## DATASET EXCERPT
%%

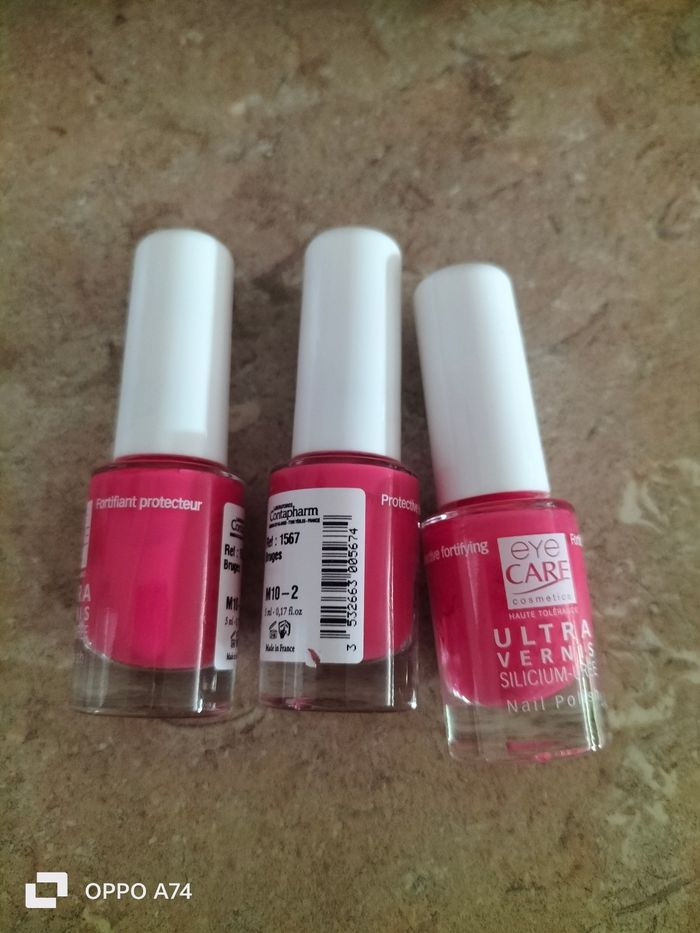 Beauté 🖤 Lot de vernis à ongles - photo numéro 3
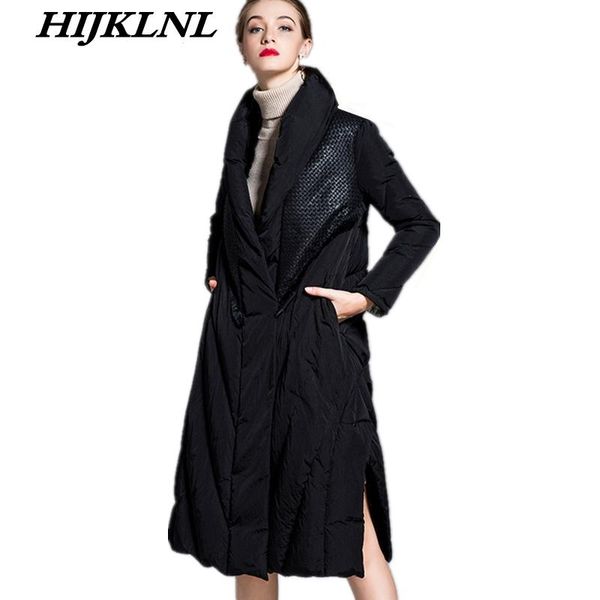 women's down & parkas 2021 women winter coat loose large size solid long jacket thicken fashion warm outerwear cw062, Black
women's down & parkas 2021 women winter coat loose large size solid long jacket thicken fashion warm outerwear cw062, Black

%%

## WHAT NEEDS TO BE DONE
The result should be a word-for-word restatement of all the data, without images.

## ANSWER BOX
 Beauté 🖤 Lot de vernis à ongles - photo numéro 3
 women's down & parkas 2021 women winter coat loose large size solid long jacket thicken fashion warm outerwear cw062, Black
women's down & parkas 2021 women winter coat loose large size solid long jacket thicken fashion warm outerwear cw062, Black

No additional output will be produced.